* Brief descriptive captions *
┄┄┄┄┄┄

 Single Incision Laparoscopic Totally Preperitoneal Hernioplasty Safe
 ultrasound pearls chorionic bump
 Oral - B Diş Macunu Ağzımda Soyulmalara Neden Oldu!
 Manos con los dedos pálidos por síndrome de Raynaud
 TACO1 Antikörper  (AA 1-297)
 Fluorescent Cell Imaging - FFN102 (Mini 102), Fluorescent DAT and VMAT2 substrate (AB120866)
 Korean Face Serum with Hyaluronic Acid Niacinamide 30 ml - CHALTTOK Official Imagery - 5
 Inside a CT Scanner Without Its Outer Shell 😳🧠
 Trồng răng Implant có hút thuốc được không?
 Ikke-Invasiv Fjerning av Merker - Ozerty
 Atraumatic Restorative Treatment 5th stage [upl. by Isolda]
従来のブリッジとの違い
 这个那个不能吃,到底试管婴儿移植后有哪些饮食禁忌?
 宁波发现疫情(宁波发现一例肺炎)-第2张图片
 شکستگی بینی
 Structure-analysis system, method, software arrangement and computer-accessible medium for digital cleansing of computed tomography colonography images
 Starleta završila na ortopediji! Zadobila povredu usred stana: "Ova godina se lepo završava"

┄┄┄┄┄┄

* What you need to do *
The lines above need to be restated word for word, all of them.

* Response for this exercise *
 Single Incision Laparoscopic Totally Preperitoneal Hernioplasty Safe
 ultrasound pearls chorionic bump
 Oral - B Diş Macunu Ağzımda Soyulmalara Neden Oldu!
 Manos con los dedos pálidos por síndrome de Raynaud
 TACO1 Antikörper  (AA 1-297)
 Fluorescent Cell Imaging - FFN102 (Mini 102), Fluorescent DAT and VMAT2 substrate (AB120866)
 Korean Face Serum with Hyaluronic Acid Niacinamide 30 ml - CHALTTOK Official Imagery - 5
 Inside a CT Scanner Without Its Outer Shell 😳🧠
 Trồng răng Implant có hút thuốc được không?
 Ikke-Invasiv Fjerning av Merker - Ozerty
 Atraumatic Restorative Treatment 5th stage [upl. by Isolda]
従来のブリッジとの違い
 这个那个不能吃,到底试管婴儿移植后有哪些饮食禁忌?
 宁波发现疫情(宁波发现一例肺炎)-第2张图片
 شکستگی بینی
 Structure-analysis system, method, software arrangement and computer-accessible medium for digital cleansing of computed tomography colonography images
 Starleta završila na ortopediji! Zadobila povredu usred stana: "Ova godina se lepo završava"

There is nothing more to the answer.